What the agent shift asks of the C-suite
For executives reading this from a non-technical perspective, the changes worth pushing for in the next twelve months are not glamorous, and most of them rhyme with things you should already be doing. The themes are roughly these.
The documentation team is no longer a cost centre. It is a customer-acquisition team. Move it under product, fund it like a product, and start measuring it on whether agents can succeed using only what is written down.
The implicit knowledge in your operations needs to come out of heads and into machine-readable form. Glossaries, conventions, the gotchas that long-tenured staff know instinctively, the half-rules that everyone follows but nobody documented. Treat this as institutional memory you are about to need.
The next wave of customer research will come from the rationales your own agents log, not from any focus groups you commission. Build observability into the agent surface from day one. Include intent fields. Read what comes back.
When you design what your agent requests, ask the calling agent for context, not for codes. Your system has the schema and the rules. The calling agent has the calendar entry, the email thread, the actual reasoning. Make your side do the translation. The old API pattern handed the caller a list of one hundred and fifty options and asked them to pick. That puts the thinking on the wrong side.
These are not new ideas. They are versions of things any well-run organisation should already be doing, with the difference that the price of not doing them goes up sharply when the customer is no longer a person willing to fumble through your interface.

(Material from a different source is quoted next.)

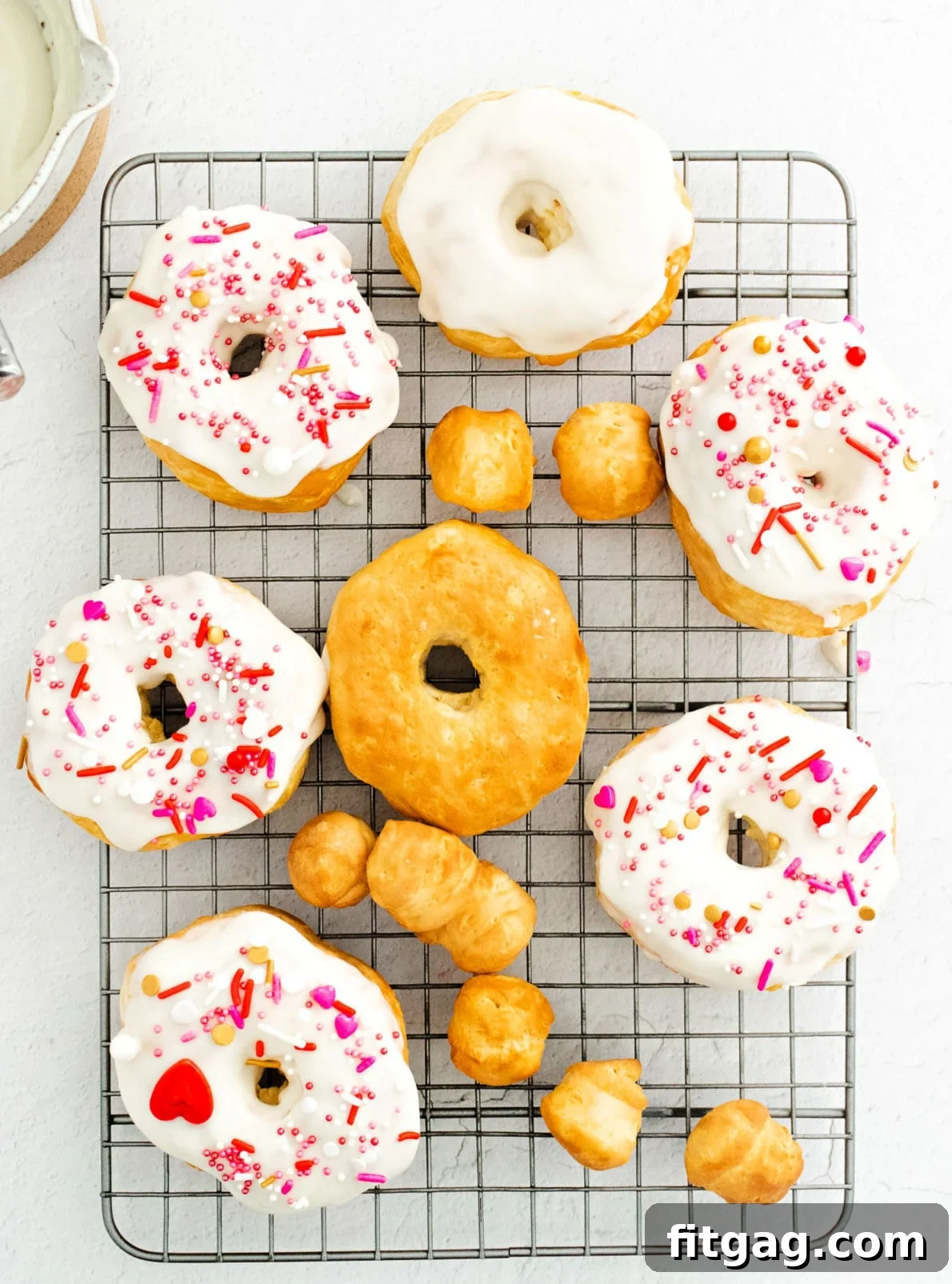 Freshly air-fried donuts cooling on a wire rack, some already glazed and adorned with sprinkles.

The agent reads the manual
I keep coming back to the new sales rep and the opportunity stage field. It is a small picture of how organisations have always worked. Knowledge propagates through people, slowly, redundantly, at coffee machines. The system tolerates a great deal of incoherence because human users patch over the gaps. They turn ambiguous fields into defensible records by quietly applying judgement nobody can see.
The agent does not patch over anything. It takes the field at face value, applies whatever rule it finds, and moves on. If the rule has been slightly off for fifteen years because human users were quietly working around it, the agent codes the transaction wrong, then codes the next one wrong the same way, and the next, and the next. By the time the finance team realises, they cannot tell which transaction started the cascade, or how much of the general ledger needs unwinding.
The good news is that almost everything organisations need to do to survive the agent shift is also what they should have been doing for their human staff. The things they used to teach in rigorous onboarding sessions but eventually ossified in dusty ring binders now go in a tool description. The thing the customer support team translated by ear now lives in the schema. The thing that was implicit becomes explicit. The agent actually reads the frickin’ manual.